How far back does your family go? I asked.

Hakkon turned that smile on me, a genuine one, with wrinkles fanning out at the corners of his eyes. “Oh, you’re truly curious, red one? You see it now—better to bear the young of the strong, and let your blood rule the land. We go back centuries, back to when the Fae tried their hand at creation. From father to son, our lineage has been passed through the ages.”

The Fae? I frowned, dragging my leadened thoughts through the mud to piece it together.

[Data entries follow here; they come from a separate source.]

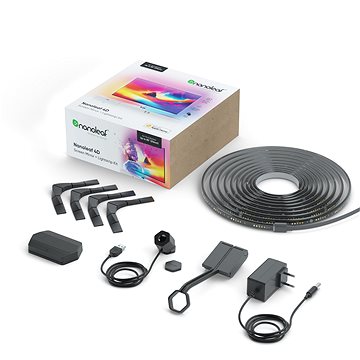 Nanoleaf 4D TV Screen Mirror + Lightstrips Starter Kit 5.2M Für TV Bis Zu 85'' / 216cm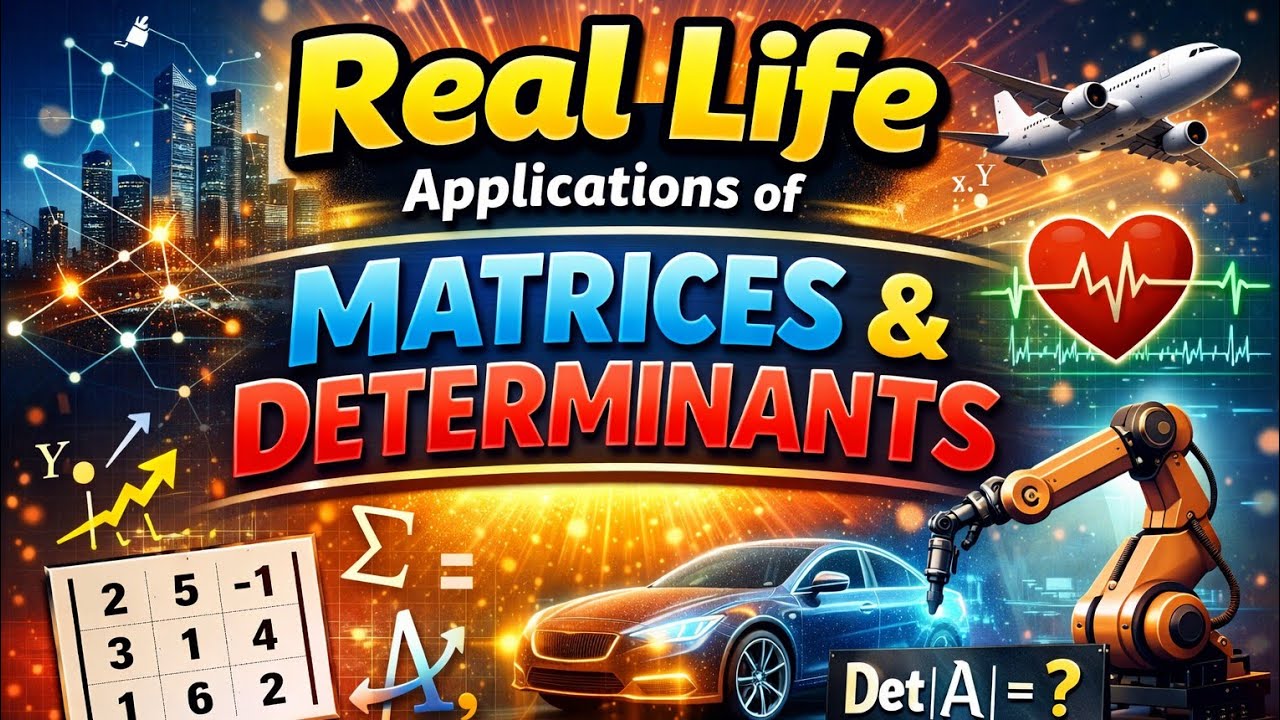 Real Life Applications of Matrices & Determinants | Class 12 Maths Made Easy | Samacheer Maths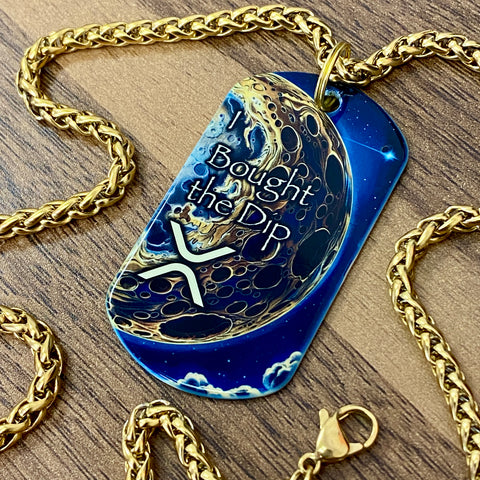 I Bought the XRP Dip! | Stainless Steel Sublimated Dog Tag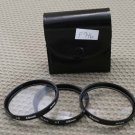 SEARS 49mm CLOSE UP LENS FILTER SET +1 +2 +3  MINT F946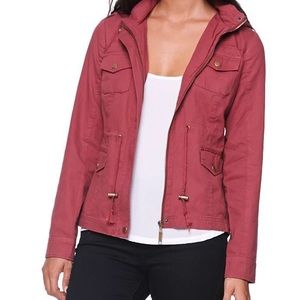 LA Hearts Light Hooded Cargo Jacket
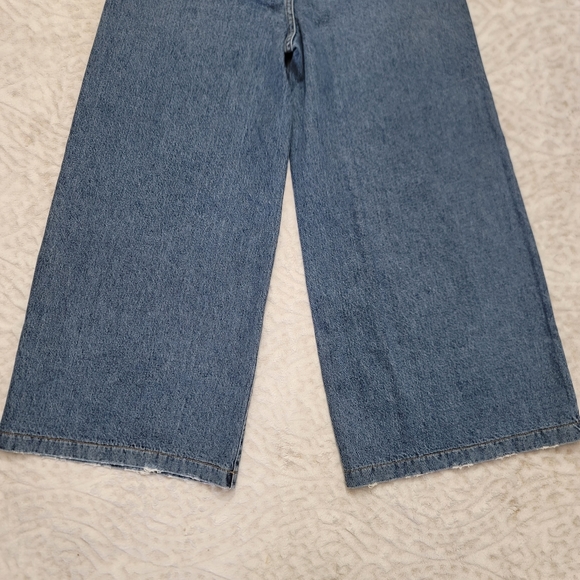 Current/Elliott Women's Wide Leg Crop Jean Size 28 NWT Bromes Blue - Picture 7 of 16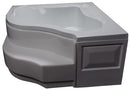 American Acrylic 60" x 60" Soaker Deep Corner Bathtub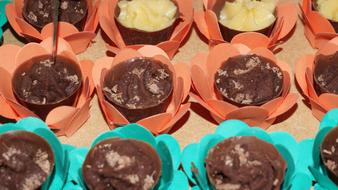 Sweet chocolate colored cupcakes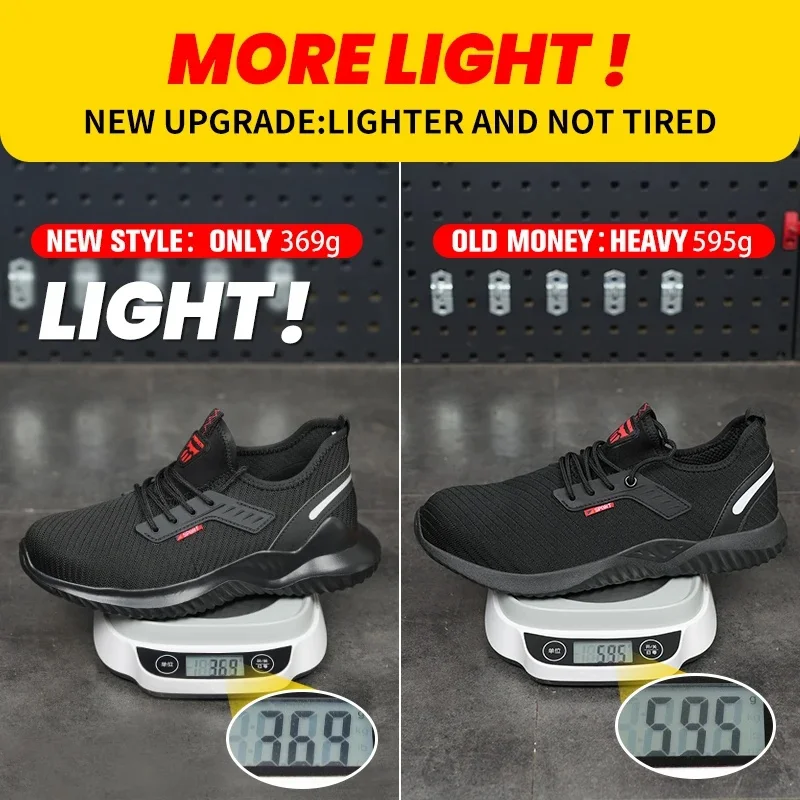 Indestructible Steel Toe Puncture-Proof Safety Work Sneakers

Then tell me this. Do your kinds share a root? I hesitated, forming my words carefully. Are fiends and wargs born of the same… ritual?

He tipped his head. “In a manner of speaking. Two races, born to Mother Blood and Father Wolf, doomed to hate each other as only squabbling brothers can.”

Brothers?

“So many questions.” Hakkon shook his head, still amused. “Yes, brothers, redling. But Mother Blood loathed us, and conspired to destroy Father Wolf and his sons, creating bindings against our kind. The Mad God fled to the depths of Foria, preserving my family line and the traditions of our blood. It was through his teachings that we learned to wear the skins of men again, how to break the charms of the Mother’s blood-drinking children and walk the earth freely. To shed blood and tears, spread agony and hatred… those are Wargyr’s gifts, his purifying baptism.”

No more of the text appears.